Et comment remplit-on un film dont le noyau tient sur 80 minutes pour lui faire atteindre la durée tant convoitée de "120 minutes !!" ? Rien de plus simple : on remplit le film de passages bien philosophiques où les personnages méditent sur la vie, la mort, la vie en couple, le divorce, les chats, les chiens, le corps et l'absence de corps, et aussi des choses profondes comme la sodomie par les épaules (authentique). Moi, je suis plutôt de l'école : il faut épurer son oeuvre pour n'en retenir que l'essentiel et le plus pertinent. Un peu comme Flaubert retravaillait parfois quinze lignes de Madame Bovary pendant plus d'un mois ! Je précise cela pour être bien clair : ce n'est pas la lenteur du film qui me gêne (j'ai moi-même de très bons amis qui sont lents), mais son inconsistance.
Mais admettons que j'aie tort et qu'un film avec de longues digressions sur des sujets philosophiques puisse être un grand film. Pitié, Spike, propose-nous autre chose que cette tambouille d'idées et de clichés sur la quarantaine ! Parce qu'il ne faut pas se voiler la face : sous couvert d'un film de science-fiction échevelé et universel, Her est un film désenchanté sur la crise de la quarantaine. Et je n'ai pas quarante-ans, j'en ai dix-huit, ce qui peut expliquer mon profond ennui lors des scènes de digression qui parsèment le film. Voici un exemple très parlant :
Her - EXTRAIT VOST "Une histoire qu'on raconte"
Extrait vidéo Her - Her, un film de Spike Jonze avec Joaquin Phoenix, Scarlett Johansson.
http://www.allocine.fr/video/player_gen_cmedia=19543370&cfilm=206799.html
Notez la petite mélodie au piano derrière et la voix languide de Scarlett. Mal utilisé, c'est ce que l'on appelle de la mièvrerie
Mais comme je l'ai dit : Her, ce n'est pas que ça. Il y a d'excellents passages, malheureusement noyés dans ces considérations d'homme mûr pendant lesquelles je me suis fait chier comme rarement dans une salle de cinéma.

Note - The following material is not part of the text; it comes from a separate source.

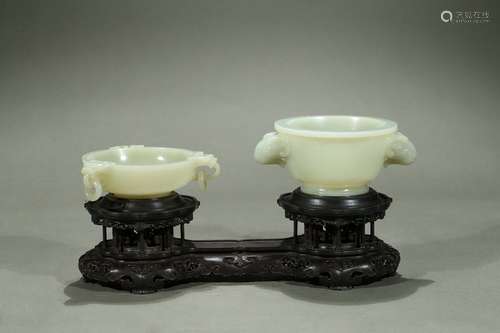 A group of two white jade censers with stand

Il y a notamment un dénouement que je ne vous révèlerai pas, mais qui est quand même très audacieux et pose des questions intéressantes sur le rapport de l'homme à la technologie. Quant à la scène qui clôt cette histoire d'amour insolite, elle est quand même assez bouleversante.
Bon, malheureusement, la toute dernière minute est assez pénible avec sa morale sous-jacente : "mettez-vous en couple avec votre meilleure amie plutôt que de risquer une liaison éphémère.". C'est le problème récurrent du film : il y a un mélange entre un travail très audacieux sur la science-fiction et des idées trop simplistes qui plombent le rythme. Quant à la réflexion sur la solitude de l'homme du futur, elle est un peu racoleuse. Grossièrement, on pourrait résumer le propos politique du film à cette phrase : "dans le futur, la connexion, au lieu de nous rapprocher, va nous éloigner les uns des autres et nous vivrons tous dans une petite bulle en traînant notre misère sexuelle comme un fardeau". Chouette programme. C'est très déprimant, et en plus, ça n'est pas très original. Heureusement, l'humanité des acteurs et la délicatesse du film emportent de justesse l'adhésion.
On a là un film avec beaucoup de potentiel, qui a parfois le courage d'aller au bout de ses réflexions (notamment sur "comment faire l'amour à un ordinateur), mais qui pêche par un scénario brouillon et des idées simplistes. C'est le type d'oeuvre qui a été faite avec sincérité, mais qui n'a pas été suffisamment travaillée, comme si on nous livrait un premier jet d'une oeuvre future plus aboutie et moins lénifiante. Difficile de comprendre le succès de ce film, pas désagréable, mais largement oubliable. Enfin, petit conseil aux cinéastes indépendants : ne vous forcez pas à faire un film de deux Her !
(Mouahahaha)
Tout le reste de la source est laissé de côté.